WORK ORDER: Copy, word for word, each line of the data below from the first through the line containing "Cute Nautical Baby", and stop there.

(Dataset records)
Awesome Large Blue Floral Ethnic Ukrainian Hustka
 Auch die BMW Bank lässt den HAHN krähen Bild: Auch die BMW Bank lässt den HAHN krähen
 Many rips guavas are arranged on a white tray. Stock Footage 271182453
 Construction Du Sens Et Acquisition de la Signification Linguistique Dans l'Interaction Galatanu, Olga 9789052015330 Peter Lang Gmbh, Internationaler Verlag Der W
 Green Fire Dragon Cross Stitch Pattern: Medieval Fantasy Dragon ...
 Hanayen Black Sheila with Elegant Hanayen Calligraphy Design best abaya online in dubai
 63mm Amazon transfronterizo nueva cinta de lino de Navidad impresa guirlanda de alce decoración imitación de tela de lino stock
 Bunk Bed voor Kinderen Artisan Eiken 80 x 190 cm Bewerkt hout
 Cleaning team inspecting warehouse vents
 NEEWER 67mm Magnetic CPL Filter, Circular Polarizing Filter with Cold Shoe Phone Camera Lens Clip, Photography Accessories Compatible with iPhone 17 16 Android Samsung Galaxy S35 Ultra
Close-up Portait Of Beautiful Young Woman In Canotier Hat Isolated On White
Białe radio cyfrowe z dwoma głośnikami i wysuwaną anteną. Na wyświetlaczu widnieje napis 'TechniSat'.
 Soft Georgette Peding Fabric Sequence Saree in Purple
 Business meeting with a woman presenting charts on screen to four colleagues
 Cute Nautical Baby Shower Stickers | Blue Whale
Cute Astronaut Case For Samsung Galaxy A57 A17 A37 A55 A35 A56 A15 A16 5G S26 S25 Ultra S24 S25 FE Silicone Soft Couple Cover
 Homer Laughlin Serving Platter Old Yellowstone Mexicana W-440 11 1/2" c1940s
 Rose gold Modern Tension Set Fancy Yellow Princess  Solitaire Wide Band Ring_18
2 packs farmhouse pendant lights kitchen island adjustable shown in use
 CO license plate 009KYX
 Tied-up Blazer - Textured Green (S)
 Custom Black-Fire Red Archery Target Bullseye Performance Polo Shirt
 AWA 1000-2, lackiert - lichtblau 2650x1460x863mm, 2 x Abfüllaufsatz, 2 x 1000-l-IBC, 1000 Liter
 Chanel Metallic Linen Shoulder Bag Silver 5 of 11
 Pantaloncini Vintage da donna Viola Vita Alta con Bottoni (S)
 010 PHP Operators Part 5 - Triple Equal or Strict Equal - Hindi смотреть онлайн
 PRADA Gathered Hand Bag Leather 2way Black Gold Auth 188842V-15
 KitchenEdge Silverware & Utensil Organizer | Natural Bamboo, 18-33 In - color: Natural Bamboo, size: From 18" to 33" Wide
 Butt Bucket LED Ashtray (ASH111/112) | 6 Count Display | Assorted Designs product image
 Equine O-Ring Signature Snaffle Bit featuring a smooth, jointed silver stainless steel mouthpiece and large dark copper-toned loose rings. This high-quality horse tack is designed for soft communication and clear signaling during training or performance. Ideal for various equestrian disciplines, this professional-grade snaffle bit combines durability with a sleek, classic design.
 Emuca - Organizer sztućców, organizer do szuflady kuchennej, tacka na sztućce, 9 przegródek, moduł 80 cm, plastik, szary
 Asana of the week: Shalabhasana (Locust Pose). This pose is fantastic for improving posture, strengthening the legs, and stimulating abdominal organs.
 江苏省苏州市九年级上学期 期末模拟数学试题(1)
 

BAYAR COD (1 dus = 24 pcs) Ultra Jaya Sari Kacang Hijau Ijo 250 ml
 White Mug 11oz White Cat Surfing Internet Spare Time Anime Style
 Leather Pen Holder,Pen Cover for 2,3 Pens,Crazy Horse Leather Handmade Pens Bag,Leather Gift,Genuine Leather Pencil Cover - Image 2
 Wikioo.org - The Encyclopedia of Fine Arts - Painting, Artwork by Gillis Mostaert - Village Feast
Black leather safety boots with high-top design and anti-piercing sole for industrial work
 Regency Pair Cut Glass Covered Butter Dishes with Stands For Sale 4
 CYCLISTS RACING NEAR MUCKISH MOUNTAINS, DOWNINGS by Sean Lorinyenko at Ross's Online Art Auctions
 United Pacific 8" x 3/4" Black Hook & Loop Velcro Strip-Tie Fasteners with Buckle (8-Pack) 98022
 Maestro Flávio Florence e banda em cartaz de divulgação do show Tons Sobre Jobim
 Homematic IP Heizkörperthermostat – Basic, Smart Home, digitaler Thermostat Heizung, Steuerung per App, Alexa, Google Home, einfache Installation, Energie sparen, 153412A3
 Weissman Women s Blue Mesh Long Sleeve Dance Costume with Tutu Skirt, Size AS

EXERCISE ANSWER:
Awesome Large Blue Floral Ethnic Ukrainian Hustka
 Auch die BMW Bank lässt den HAHN krähen Bild: Auch die BMW Bank lässt den HAHN krähen
 Many rips guavas are arranged on a white tray. Stock Footage 271182453
 Construction Du Sens Et Acquisition de la Signification Linguistique Dans l'Interaction Galatanu, Olga 9789052015330 Peter Lang Gmbh, Internationaler Verlag Der W
 Green Fire Dragon Cross Stitch Pattern: Medieval Fantasy Dragon ...
 Hanayen Black Sheila with Elegant Hanayen Calligraphy Design best abaya online in dubai
 63mm Amazon transfronterizo nueva cinta de lino de Navidad impresa guirlanda de alce decoración imitación de tela de lino stock
 Bunk Bed voor Kinderen Artisan Eiken 80 x 190 cm Bewerkt hout
 Cleaning team inspecting warehouse vents
 NEEWER 67mm Magnetic CPL Filter, Circular Polarizing Filter with Cold Shoe Phone Camera Lens Clip, Photography Accessories Compatible with iPhone 17 16 Android Samsung Galaxy S35 Ultra
Close-up Portait Of Beautiful Young Woman In Canotier Hat Isolated On White
Białe radio cyfrowe z dwoma głośnikami i wysuwaną anteną. Na wyświetlaczu widnieje napis 'TechniSat'.
 Soft Georgette Peding Fabric Sequence Saree in Purple
 Business meeting with a woman presenting charts on screen to four colleagues
 Cute Nautical Baby Shower Stickers | Blue Whale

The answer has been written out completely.